Using Active Listening When Your Child is Upset

(excerpted from the P.E.T. workbook)

In P.E.T., we use a conceptual Behavior Window to view behaviors of others = what we see them do, what we hear them say. When you see your child is upset (crying, slamming a door, saying their scared, etc.), in that moment, your child owns a problem. (That doesn’t mean that problem might not move in the window and become yours, too, but for right now, it’s theirs.) So what can you do? When your child “Owns a Problem” or is experiencing strong feelings and Basic Listening is not enough, then the Skill of “Active Listening” is needed.

When Do I Listen?

To successfully use your Active Listening tool when another person has a problem, a decision to make or strong feelings about something, you must:

1. Have time and be willing to listen

2. Want to understand and help the other

3. Be able to focus your attention on the other, not on yourself

4. Trust the child or other person to come up with solutions that are best for him

Why Do I Listen?

1. Relieves “emotional flooding”. When your child is experiencing a problem, feeling can overwhelm thoughts. A child can become emotionally flooded when feeling crowds out thoughts. Active Listening relieves emotional flooding and frees the intellect to get back to work.

2. Helps the other person (your child) to identify her real problem. When your child tells you about a problem, it is easy to immediately begin thinking about how you can help him/her resolve that situation. But what the child first tells you is not the real or complete problem. Most problems are like onions; they have a number of layers. By Active Listening to the child, you can help her peel back the layers of the problem and identify the central issue.

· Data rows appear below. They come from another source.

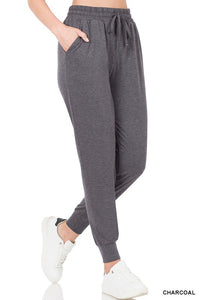 Charcoal Soft French Terry Waist Tie Joggers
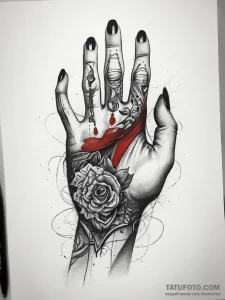 Tattoo sketch hands with a brush, tattoo sket... - эскиз тату (№1757362647_0, 08.09.2025 20:17) — Tatufoto.com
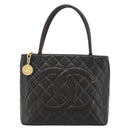 CHANEL Matelasse Reprint Tote Bag Lamb Skin Black Gold CC Auth 181711A-13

Presented Problem: “I hate doing this stupid homework!”

Second Layer: “I am so bored and tired of staying at home.”

Third layer: “It’s so weird, sitting at this computer to ‘go to school’, all by myself.”

Real problem: “I wish I could think of something to make it more interesting or something!”

3. Assists the child in solving her own problem. Once the “real problem” has been identified, most children as well as adults, have within themselves the solution that is best for them. Solving their own problems increases creativity, self-confidence and problem-solving abilities.